Over my helmet radiophone—there was a mike outside the cage, so they could communicate with me when I was inside—I heard Miller say to the reporters:
"The feeding instinct. They've got it, too. Now we know for sure...."
think that the E.T.L. had colic from that first meal, though, like any half-smart puppy trainer, I tried not to let it eat too much. It writhed for a while, as if in pain. And I was on pins. How was I supposed to know just what was best to feed the thing, so it would survive? Everything was guesswork, varying formulas cautiously, groping. And it wasn't only the food. There was the searching for the temperature, the air-pressure and the degree of dryness at which the E.T.L. seemed most comfortable. And there was also the fiddling around with light-composition and intensities, variable in the sun lamps, to find what seemed best.
We seemed to have figured things out right—or else the monster was just rugged. It shed several skins, thrived and grew active. Its size increased steadily. And other things began to grow in that cage. Odd, hard-shelled, bluish-green weeds; lichenous patches, dry as dust; invisible, un-Earthly bacteria—all were harmless, possibly even beneficial, to my charge.

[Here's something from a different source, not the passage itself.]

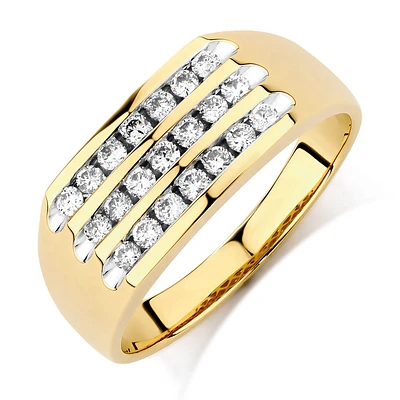 Bague en or jaune 10 K avec diamants à sertissage en bande totalisant 0,50 ct pour homme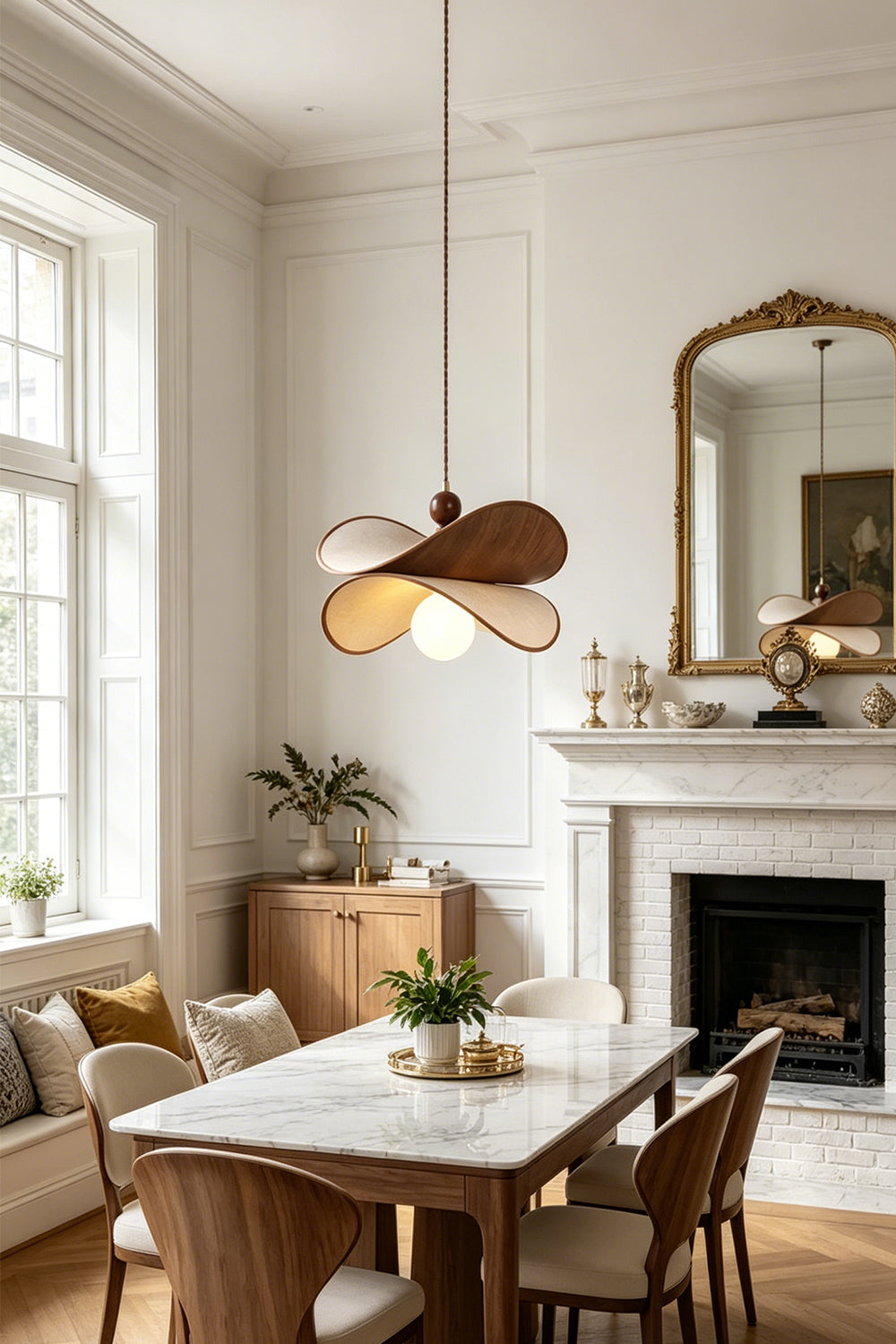 Aurelia Blossom Glass Pendant Light | Wood, Fabric, Glass | Wide-angle view of the illuminated flower-shaped wooden pendant light enhancing a sophisticated open-plan dining space | vexa lamps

How did all this stuff come into being? Miller and Craig had examined the dried clay of the E.T.L.'s discarded casing with microscopes. They scraped dust from every fragment of the wreck that hadn't been blasted too much with fire, and made cultures. They were looking for spores and seeds and microbes. And it wasn't long before they had classified quite a list of other-world biological forms. The most common of these they transplanted into the cage.
Often I even slept inside the cage, clad in my armor. That's devotion to a purpose for you. In a way, it was like living on a little piece of Mars. Often enough I was bored stiff.
But plenty did happen. From the start Etl—we began calling the thing that—showed an almost electrically intense curiosity for everything. Some of the habits of its kind were written in its instincts. It basked in strong light, but it liked dark corners, too. At night—when we turned the sun lamps off, that is—it would bury itself in the dusty soil. Protection against nocturnal cold might have been the reason for that.